Description:
Hi,
We sometimes notice that the MYSQL Pod is stucked during termination.
We use 3 instances for HA.
The hanging is due to the Pod's finalizers which get stucked.
Here is a snapshot of the log while the pod is stucked:
Normal Logging 60m kopf diag instance mysql-2 --> InstanceDiagStatus.OFFLINE quorum=None gtid_executed=None
Normal Logging 60m kopf mysql-2.mysql-instances.dev.svc.cluster.local:3306: pod.phase=Succeeded deleting=True
Normal Logging 60m kopf Could not connect to mysql-0.mysql-instances.dev.svc.cluster.local:3306: error=MySQL Error (2005): mysqlsh.connect_dba: Unknown MySQL server host 'mysql-0.mysql-instances.dev.svc.cluster.local' (-2)

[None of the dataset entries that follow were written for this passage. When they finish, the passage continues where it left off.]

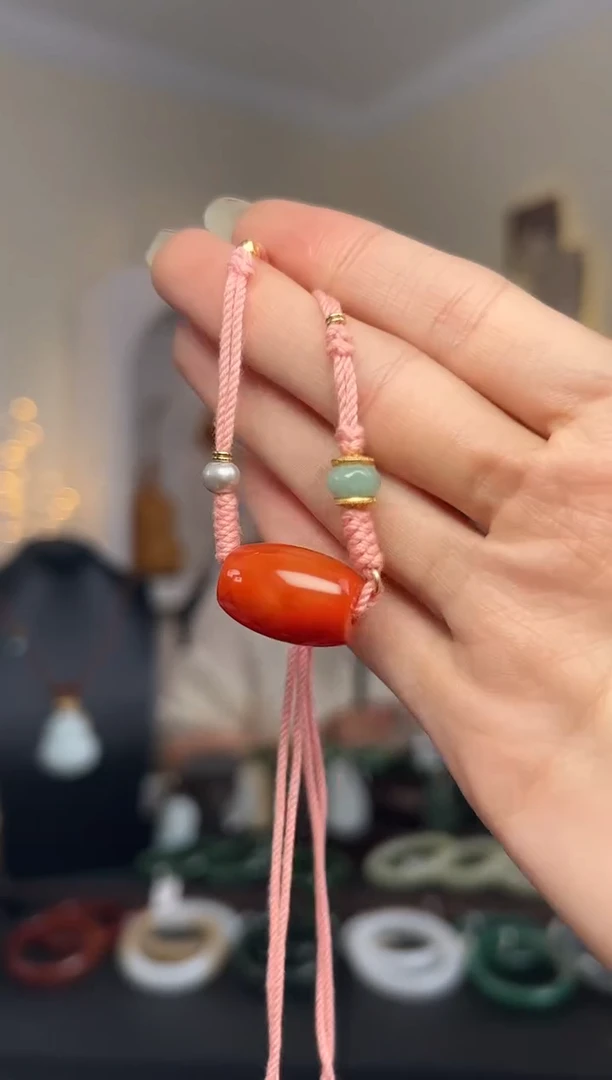 颈饰未镶嵌南红玛瑙桶珠 19*13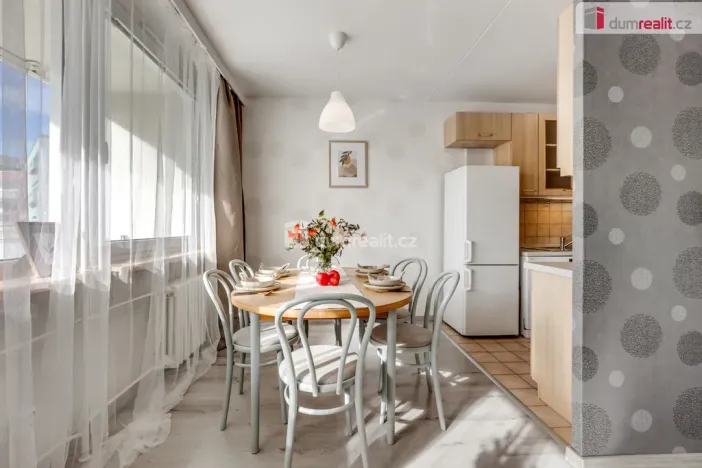 Prodej bytu 3+1, Praha - Stodůlky, Zázvorkova, 82 m2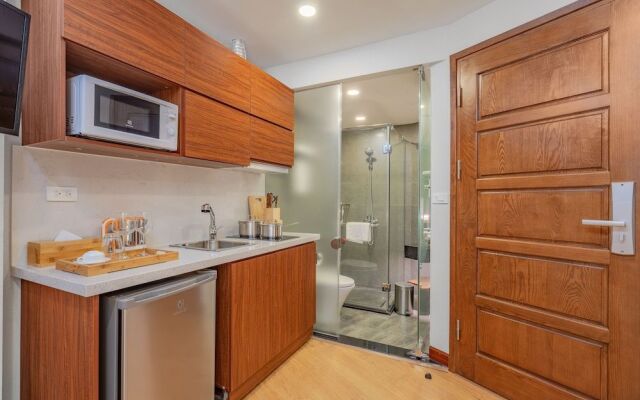 Moon West Lake Serviced Apartment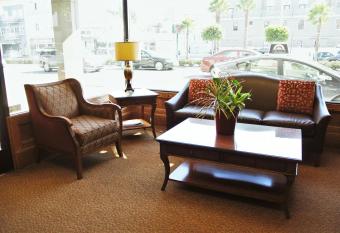 Cow Hollow Inn and Suites allows 18 year olds to book a room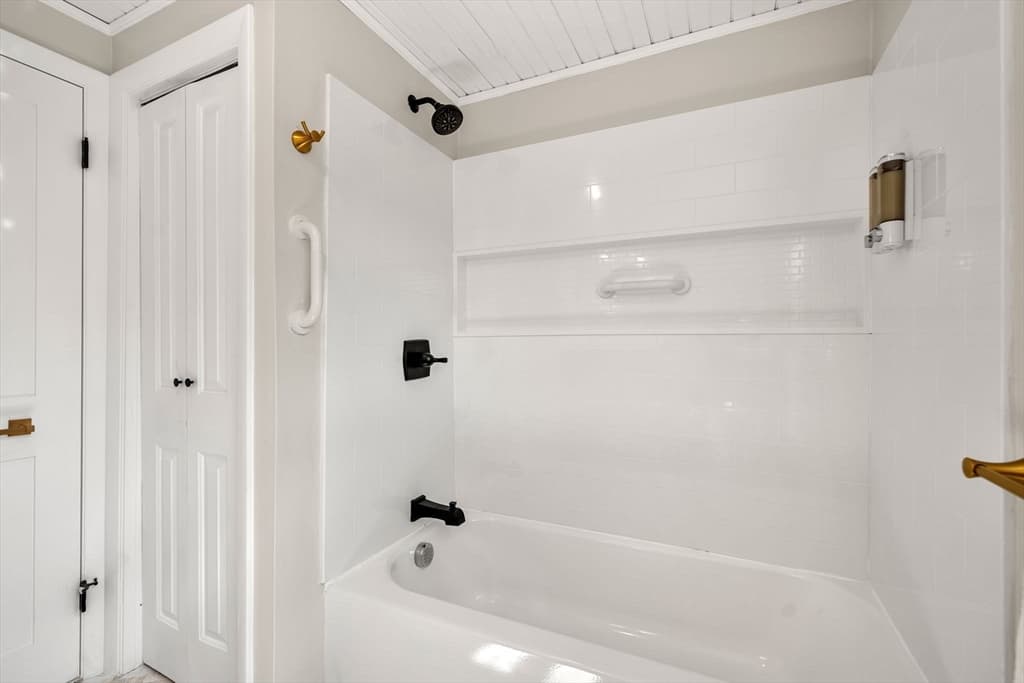 Single Family Residence at 133 Old Point, Newburyport MA 01950, Newburyport, photo 18 of 42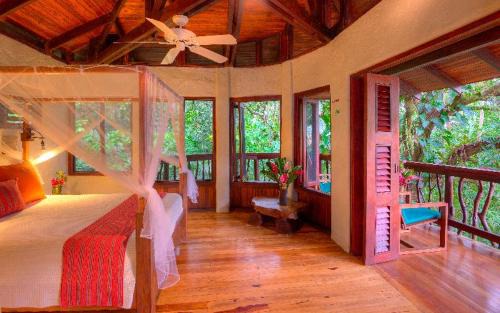 Golfito Kabine | Playa Nicuesa Rainforest Eco Sanctuary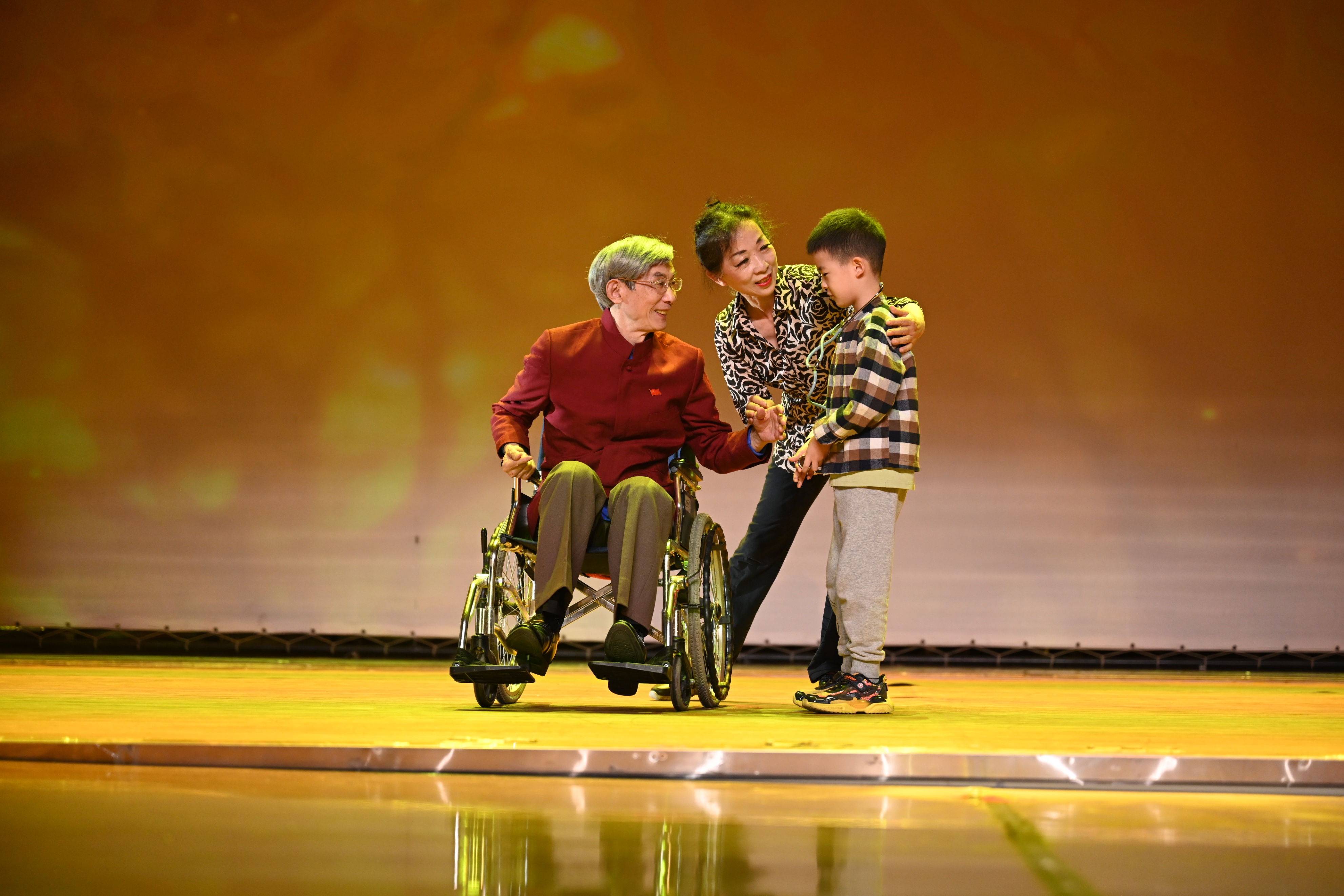 平均63岁的圆梦舞剧团用信仰诠释信仰如钢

Normal Logging 60m kopf cluster probe: status=ClusterDiagStatus.OFFLINE online=[]
Normal Logging 60m kopf mysql: all={<MySQLPod mysql-2>, <MySQLPod mysql-0>, <MySQLPod mysql-1>} members={<MySQLPod mysql-2>, <MySQLPod mysql-0>, <MySQLPod mysql-1>} online=set() offline={<MySQLPod mysql-2>, <MySQLPod mysql-0>, <MySQLPod mysql-1>} unsure=set()
Normal Logging 60m kopf Could not connect to mysql-2.mysql-instances.dev.svc.cluster.local:3306: error=MySQL Error (2005): mysqlsh.connect_dba: Unknown MySQL server host 'mysql-2.mysql-instances.dev.svc.cluster.local' (-2)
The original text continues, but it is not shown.